North Korea may have a miniaturized nuclear warhead design in the works, but that is far cry from proving that it can be delivered reliably via ballistic missile. Tests like this, where missile targeting capabilities and warhead fusing concepts can be tested, are part of the ongoing process to make Kim Jong Un’s nuclear ambitions a reliable front-line reality. With this sudden rash of rapid and high-profile testing—even of their most mysterious weapons—the timeline seems to be accelerating. This is clearly forcing South Koreans to develop its own ballistic missiles, and even submarines capable of launching them.
This launch was likely a response to South Korea's agreement with the US to deploy the Terminal High Altitude Area Defense (THAAD) anti-ballistic missile system to the mountains about 170 miles southeast of Seoul.
THAAD should be able to shoot down any short to medium-range ballistic missile aimed at installations like Camp Humphreys or Osan Air Base and Kunsan Air Base. THAAD can also intercept missiles flying at higher trajectories and altitudes than other multi-role air defense systems, such as the MIM-104 Patriot. The Nodong-1, for instance, can fly much higher than its evolutionary predecessor, the Scud, though it sacrifices range. The fact that the Nodong flew shorter than its theoretical range during yesterday’s test may have been to evaluate a more survivable high-trajectory attack profile.

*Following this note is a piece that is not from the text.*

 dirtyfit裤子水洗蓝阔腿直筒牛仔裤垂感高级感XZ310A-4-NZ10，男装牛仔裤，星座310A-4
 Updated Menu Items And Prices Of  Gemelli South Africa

North Korea’s provocative missile launches are teh reason why the controversial THAAD was introduced to the Korean theater. Even so, Pyongyang absolutely abhors it, and the generals have already threatened to launch an attack. Yesterday’s ballistic missile test was likely North Korea’s way of reminding the South and the US that they can back up their threats.
Relations between North Korea and the US have continued on a downward spiral in recent days after Kim Jong Un himself was put under sanctions for the first time. Ten other regime officials and five state entities were also included in the new sanction regime. The US's justification is widespread human rights abuses. An official inside the Obama Administration told Politico.com:
“It is not an easy thing to identify those responsible for these kinds of abuses within the North Korean system. This is not a government that publishes a phone directory of its personnel or an organizational chart. It sends a message to people within the North Korean regime... that if you become involved in abuses like running concentration camps or hunting down defectors we will know who you are."
All foreign assets within US jurisdiction will be frozen as part of the sanctions initiative. What type of actual impact this will have on Kim and his inner circle is highly questionable, but still Pyongyang was not happy with the move calling it an “open declaration of war against DPRK" and "the worst crime that can never be pardoned.”
Maybe most concerning is that North Korea cut the only direct communication channel left with the US as part of their protest, a dangerous move considering the high-tension and massive amount of military hardware staged on a hair trigger throughout the Peninsula.